**Dataset extract:**
· · · ·

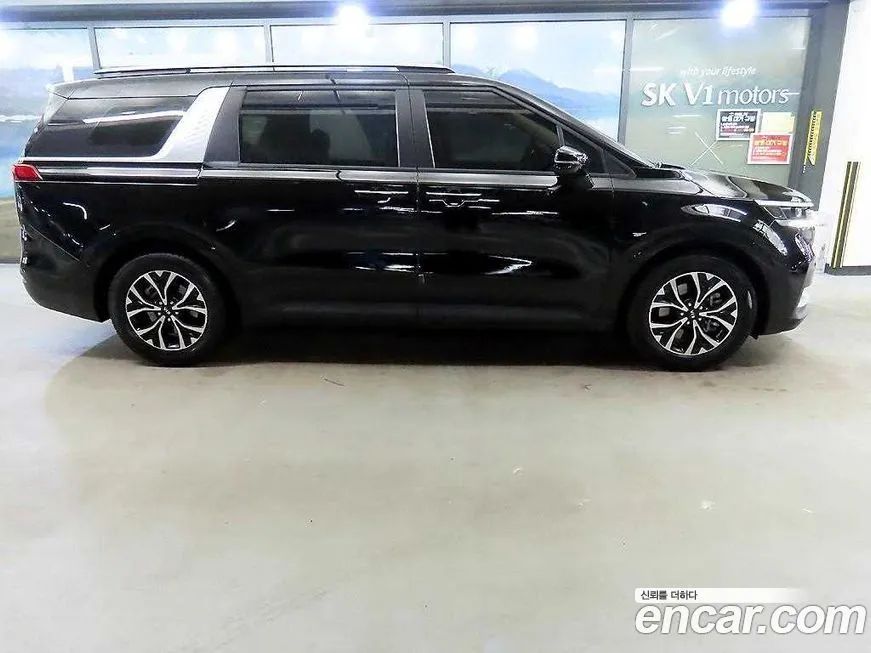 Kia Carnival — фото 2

· · · ·

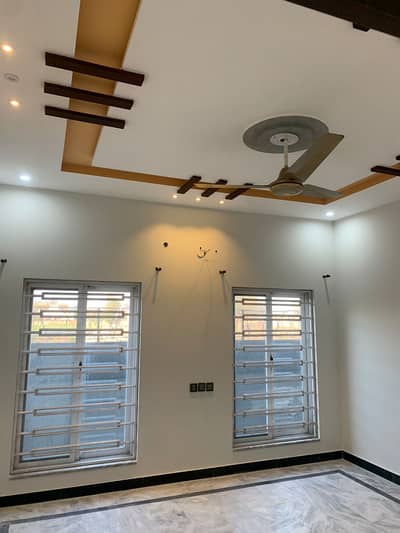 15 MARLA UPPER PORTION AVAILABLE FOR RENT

· · · ·

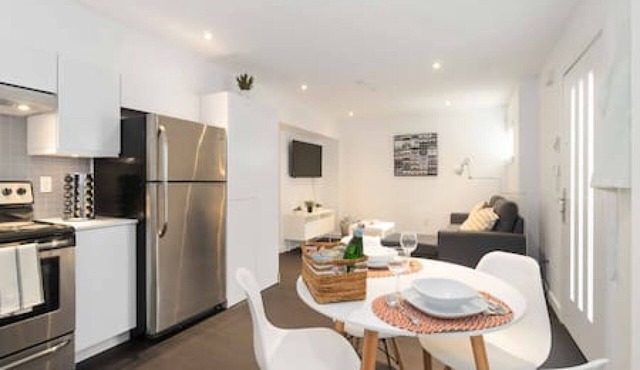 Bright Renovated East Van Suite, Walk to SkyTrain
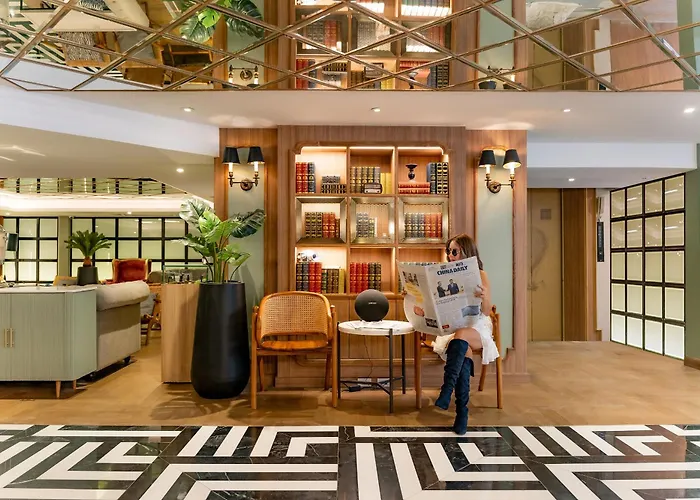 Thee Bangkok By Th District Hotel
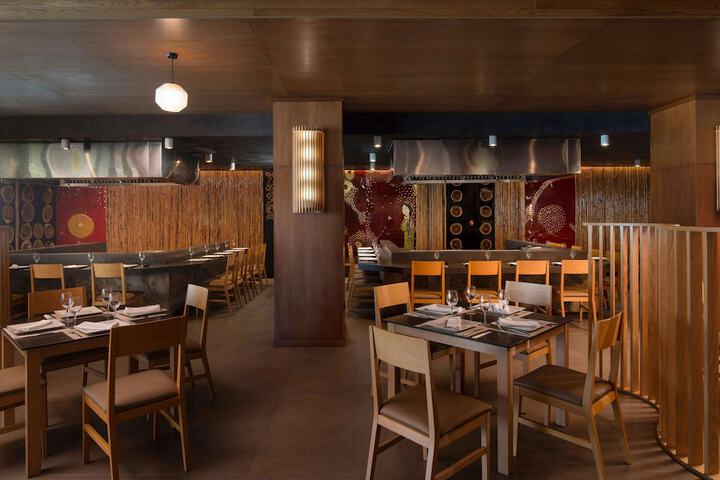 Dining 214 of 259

· · · ·

**What is expected:** In the listing above, find the line containing "Thee Bangkok By Th District Hotel" and the line containing "Dining 214 of 259", then print exactly those two lines and every line between them, minus the pictures.

**Reply:**
 Thee Bangkok By Th District Hotel
 Dining 214 of 259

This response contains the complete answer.